_Exercise data_
--*--

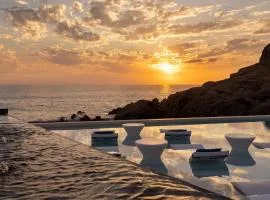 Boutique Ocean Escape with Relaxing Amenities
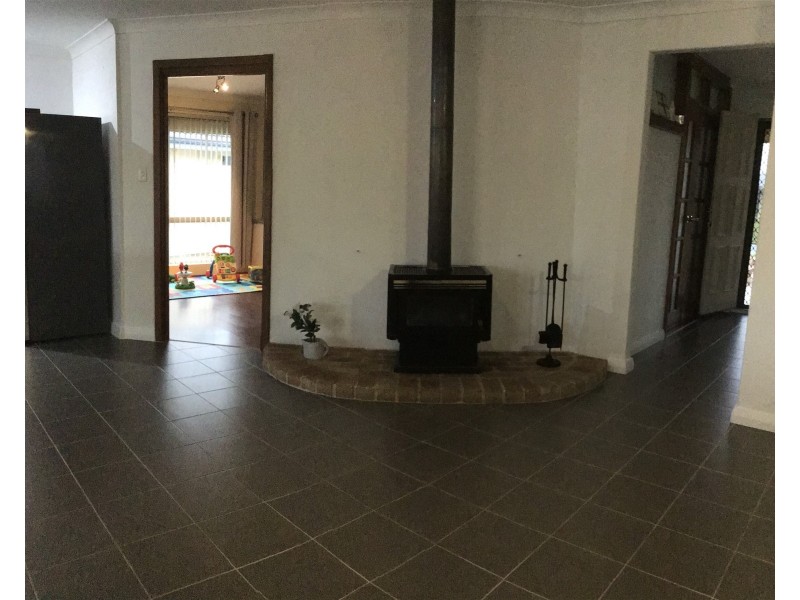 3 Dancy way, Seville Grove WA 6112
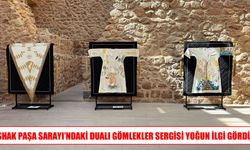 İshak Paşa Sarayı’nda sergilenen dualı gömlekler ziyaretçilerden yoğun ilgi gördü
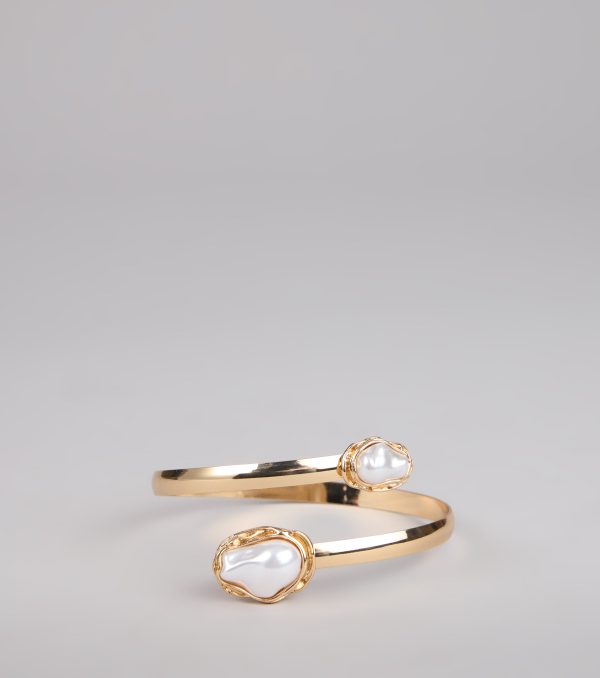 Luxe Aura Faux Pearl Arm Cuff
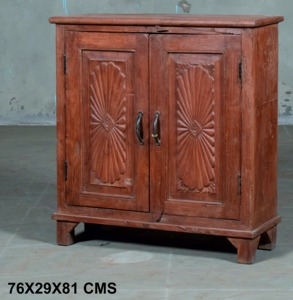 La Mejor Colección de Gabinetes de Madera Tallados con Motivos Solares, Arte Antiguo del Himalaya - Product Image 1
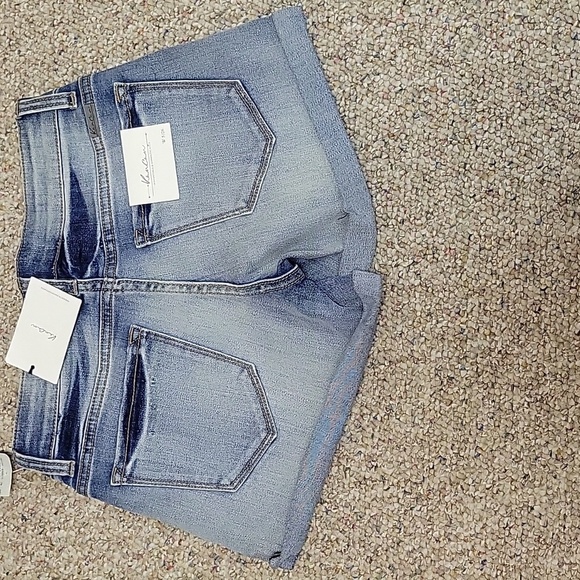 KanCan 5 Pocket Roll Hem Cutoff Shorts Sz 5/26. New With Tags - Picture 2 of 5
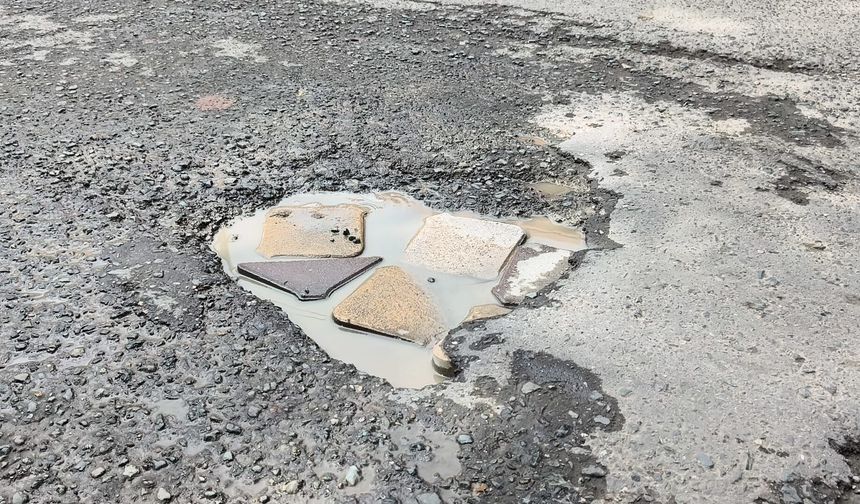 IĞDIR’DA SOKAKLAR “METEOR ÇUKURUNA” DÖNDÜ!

--*--

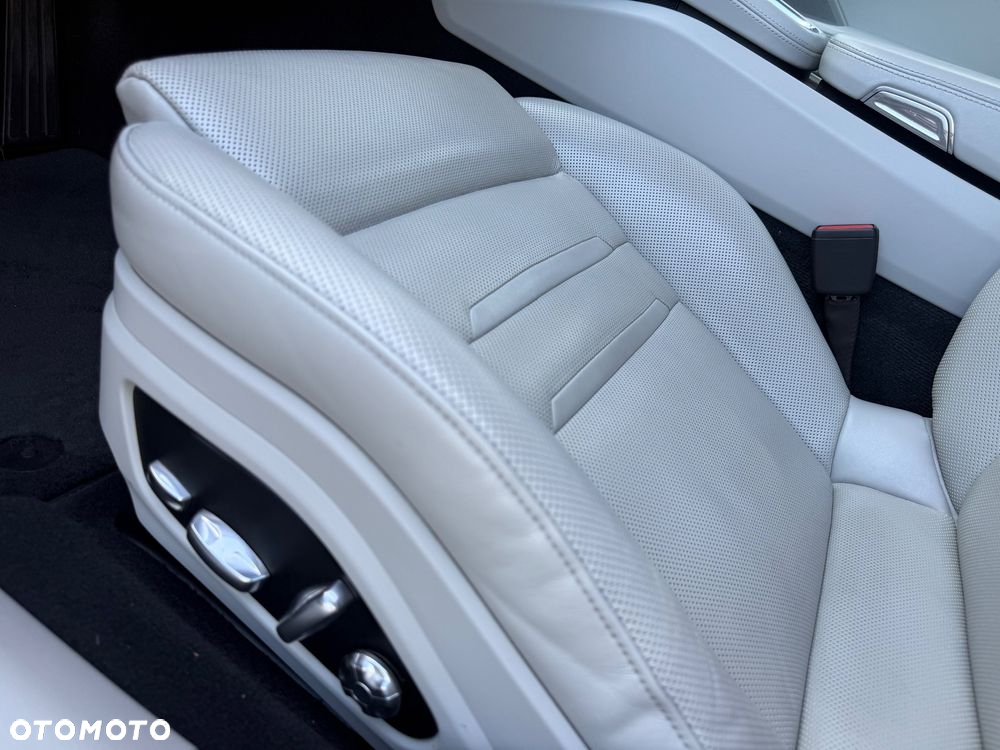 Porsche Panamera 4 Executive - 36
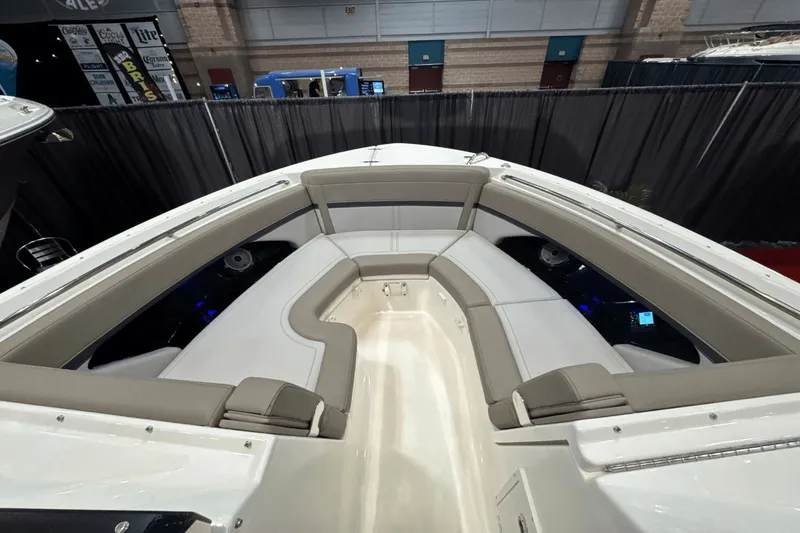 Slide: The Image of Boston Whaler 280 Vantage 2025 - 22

--*--

_Work task_
Only the lines above starting with the line with "Porsche Panamera 4 Executive - 36" and going on through the line with "Slide: The Image" belong in the answer; repeat them exactly, minus any picture.

_Answer to the exercise_
 Porsche Panamera 4 Executive - 36
 Slide: The Image of Boston Whaler 280 Vantage 2025 - 22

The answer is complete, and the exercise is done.